Some time ago, on the topic of avoiding heap contention, I left an exercise that asked whether it would be appropriate to use the current processor number (as reported by
GetCurrentProcessorNumber) to select which heap to use.
In this case, the answer is no. While using the current processor would avoid contention at allocation, it would make contention at deallocation even worse.
Suppose thread 1 is running on processor 1 and allocates some memory. It allocates it from heap 1. Later, thread 2 is running on processor 1 and allocates some memory. It also allocates it from heap 1.
Time passes, and the two threads are now running simultaneously, say one on processor 1 and another on processor 2. They both go to free the memory, but since you have to free the memory back to the heap from which it was allocated, the fact that they are running on separate processors right now is immaterial. They both have to free the memory back to heap 1, and that creates contention.
If we had assigned heaps based on thread, then they would have allocated from different heaps and freed back to those different heaps. No contention. (Assuming the threads were assigned different heaps.)
Okay, so what guidelines can we infer from this analysis?
If you are going to use the current processor as a hint to avoid contention, the entire scenario needs to be quick. If the processor changes while your scenario is running, then you will have contention if the new thread also tries to perform that same processor-keyed operation.
In the case of memory allocation, the memory is allocated, and then used for a while, possibly a long time, before finally being freed back to the heap from which it was allocated. Since the scenario is a very long one, using the current processor number as a hint is going to run into a lot of cases of accidental contention.
On the other hand, if you had a linked list of available memory blocks, then using the current processor may be helpful. Keep a free list per processor. When it’s time to allocate a node, you consult the free list for the current processor. And when you want to free a node, you free it back to the list associated with the processor doing the free.
Unlinking a node from a linked list and pushing a node to the front of a linked list are relatively fast operations, so the processor is unlikely to change out from under you. The important distinction here is that we don’t try to free the node to the list it originally came from. We return it to the list that belongs to the current processor at the time it is freed.
Of course, if you find that the free list is empty, then you’ll have to go create some new nodes.

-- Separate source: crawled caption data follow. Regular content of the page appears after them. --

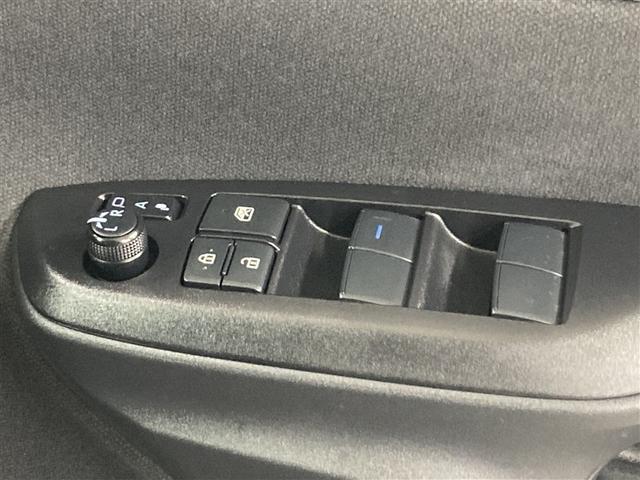 �i�[�������R���h�A�~���[�ƁA�p���[�E�B���h�E�}�X�^�[�X�C�b�`�ł��B�ԓ��̊��C���^�]�Ȃ���ȒP�ɍs���܂��B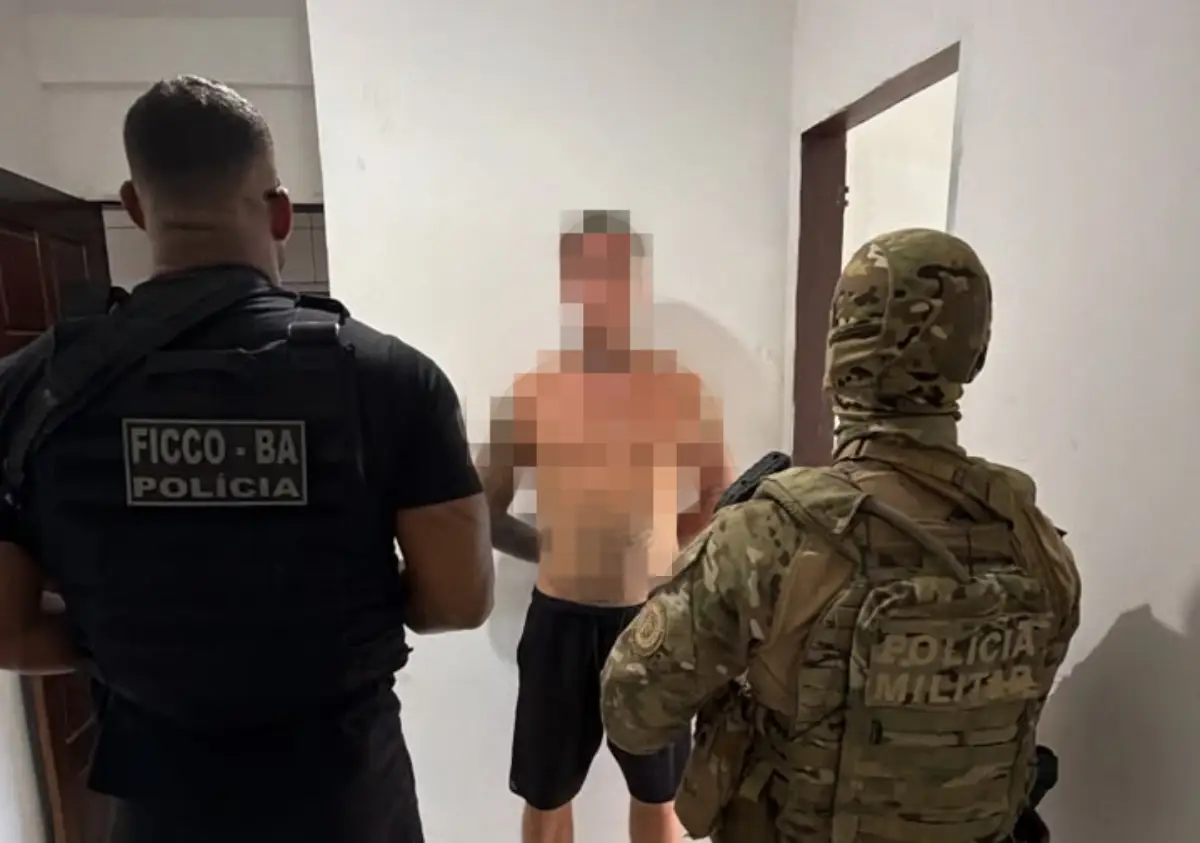 Russo condenado à prisão perpétua e flagrado com 600 kg de cocaína está na PF de Salvador à espera de extradição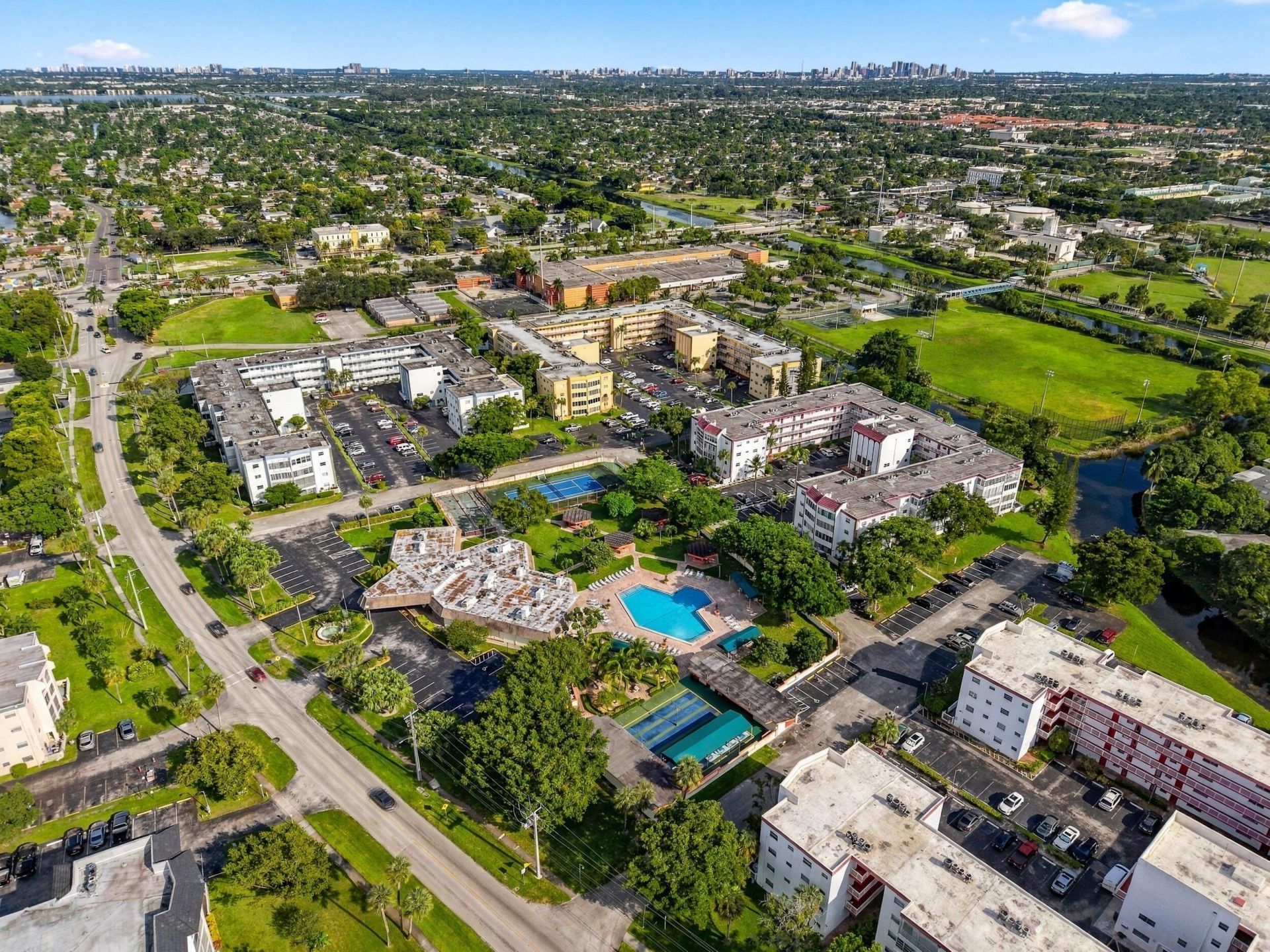 3940 NW 42nd Avenue, Unit 313, Lauderdale Lakes, FL 33319 Photo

Yes, this introduces the risk of contention, but creating new nodes will be a comparatively slow operation, so the hope is that added risk of contention is not noticeable in practice.
Bonus chatter: In the discussion that followed the exercise, there were a pair apparently contradictory claims:
- The scheduler tries to keep load even across all processors.
- The scheduler tries not to move threads between processors.
Both are right.
When a thread is ready to be scheduled, the scheduler will try to put it back on the processor that it had been running on most recently. But if that processor is not available, then the scheduler will move it to another processor.
In other words, the “try not to move threads between processors” rule is a final tie-breaker if the scheduler has multiple processors available to it. But if the thread becomes ready, and there is only one available processor, then the thread will run on that processor. If the system has decided to shut down a processor to conserve power, then the thread will go to a processor that still has power.